Cook time : 10 minutes

Ready in 50 minutes plus cooling

Level : Advanced

INGREDIENTS

Almond Sablé Cookies:

  • Almond flour 55g (2oz)
  • All purpose flour 115g (4oz)
  • Sugar 55g (2oz)
  • Salt 1g (1/4Tsp)
  • Butter 100g (3.5oz)
  • Vanilla powder
  • Egg yolk 20g (1 egg yolk)
Strawberry Mousse:
  • Strawberry puree 85g (3oz)
  • Sugar 30g (1oz)
  • Gelatin 3g (1.5 sheets)
  • Cream 35% 85g (3oz)
Coconut Mousse:
  • Coconut milk 115g (4oz)
  • Sugar 30g (1oz)
  • Gelatin 3g (1.5 sheets)
  • Cream 35% 150g (5.3oz)
White Chocolate Rocher Glaze:
  • White chocolate 200g (7oz)
  • Vegetable oil 30g (1oz)
  • Finely chopped almonds 55g (2oz)
Decoration:
  • Pink chocolate or candy melts 250g (8.8oz)
Directions
  1. To make almond sablé cookies place sifted flour into a food processor.
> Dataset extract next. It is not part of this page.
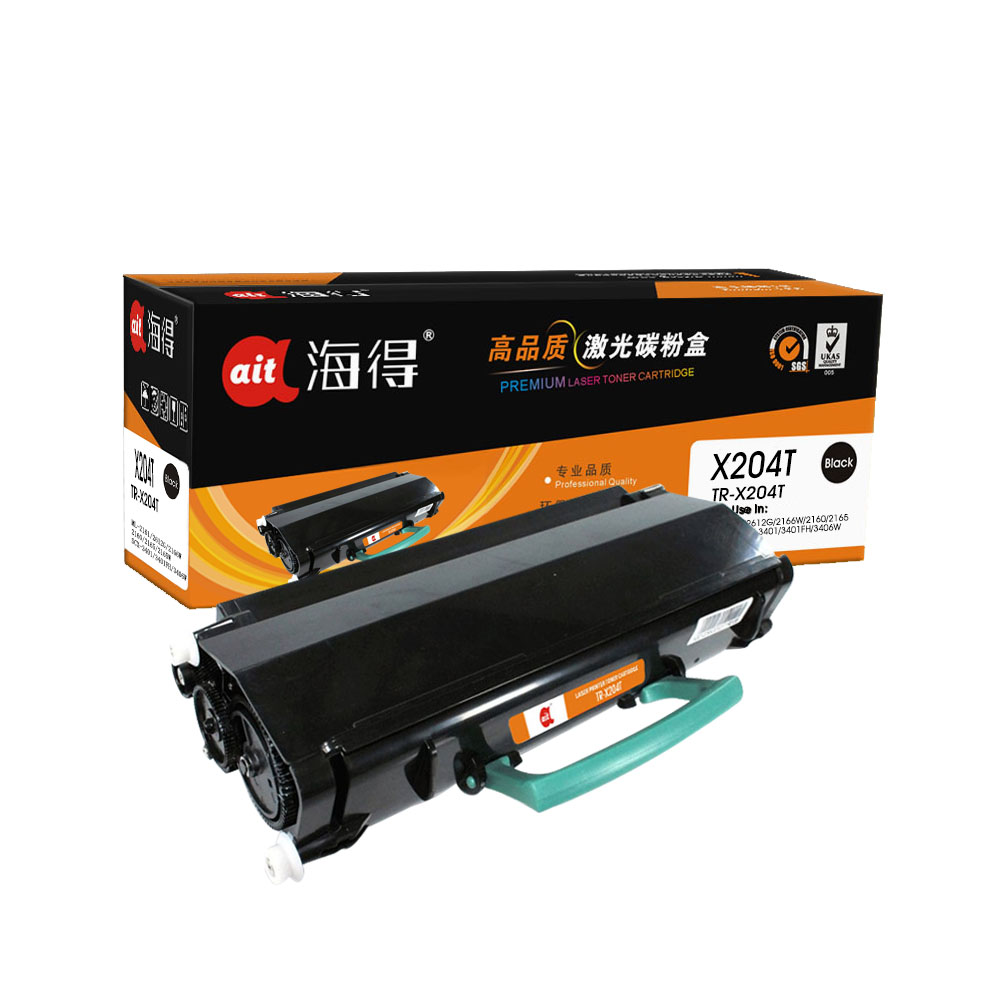 TR-X204T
Add almond flour, sugar, vanilla powder and salt, and pulse to combine. Then, add cold butter cut in cubes, and pulse until you get crumbly mixture. Add one egg yolk, and pulse a couple of more times until you make the dough.
  2. Place one piece of parchment paper onto the counter and put the dough onto it. First press it with your fingers to flatten it a bit. Then, put another piece of parchment paper onto the dough and press it to stick to it. Roll out the dough to 3mm (1/8″) thickness using an adjustable rolling pin. Put everything in the fridge for about 20 minutes to chill.
  3. Cut out chilled pastry into four oval shapes. Transfer the cookies onto a baking tray lined with perforated silicone mat. Cover them with another perforated silicone mat and bake at 180°C (350°F) for about 10 minutes, until golden.
  4. To make strawberry mousse soak gelatin in cold water. As soon as the gelatin softens take it out and squeeze to get rid of the excess water. Put strawberry puree into a bowl, add sugar and stir with a whisk. Heat up this mixture in the microwave. Add soaked gelatin into the hot puree and stir until it melts. Leave this mixture to cool down a bit. Put cream into a stand mixer fitted with whisk attachment, and whip it on medium speed until soft peaks form. Add lukewarm puree into the whipped cream and stir with a whisk until the mixture becomes uniform. Then, transfer the mousse into a piping bag without tip and pipe it into small half sphere silicone mold. Place everything in the freezer to set. Once the mousse is set, take frozen half spheres out from the mold, and stick two by two together. Put them in the freezer until needed.
  5. To make coconut mousse, soak gelatin in cold water. As soon as the gelatin softens, take it out and squeeze to get rid of the excess water. Put coconut milk into a bowl, add sugar and stir with a whisk. Heat up this mixture in the microwave. Add soaked gelatin into the hot milk and stir until it melts. Leave this mixture to cool down a bit. Whisk cream in a stand mixer to soft peaks. Add lukewarm coconut mixture into the whipped cream, and stir with a whisk to combine. Place the mousse into a piping bag without tip, and fill medium sphere silicone mold halfway. Insert one frozen strawberry mousse sphere into each cavity. Fill the mold all the way to the top and put everything in the freezer to set.
  6. To make white chocolate rocher glaze melt white chocolate in the microwave on low heat. Add vegetable oil and stir to combine. Add finely chopped almonds and stir well. Leave the glaze to cool down to 35°C (95°F).
  7. Insert a wooden skewer into each frozen mousse sphere and dip it into the glaze. Shake to get rid of the excess glaze, and rub the sphere against the parchment paper to smooth the bottom. Leave the glaze to set and carefully remove the skewer.
  8. To make pink chocolate strips temper pink chocolate (or just melt candy melts), and pour it onto a piece of acetate sheet. Spread the chocolate using a small spatula and make strips using a comb. Place it in the fridge to set.
  9. To make pink chocolate discs temper pink chocolate (or just melt candy melts), and pour it onto a piece of acetate sheet. Spread the chocolate using a small spatula and leave it on the counter until it starts to set. Then, cut out 5cm (2″) in diameter discs. Place everything in the fridge to set completely.
  10. Place three glazed spheres onto each sablé cookie. Pipe some melted pink chocolate and place one pink chocolate disc onto each sphere. Decorate your cake with two pink chocolate strips.
  11. There, your delicious strawberry and coconut spheres are done! Enjoy!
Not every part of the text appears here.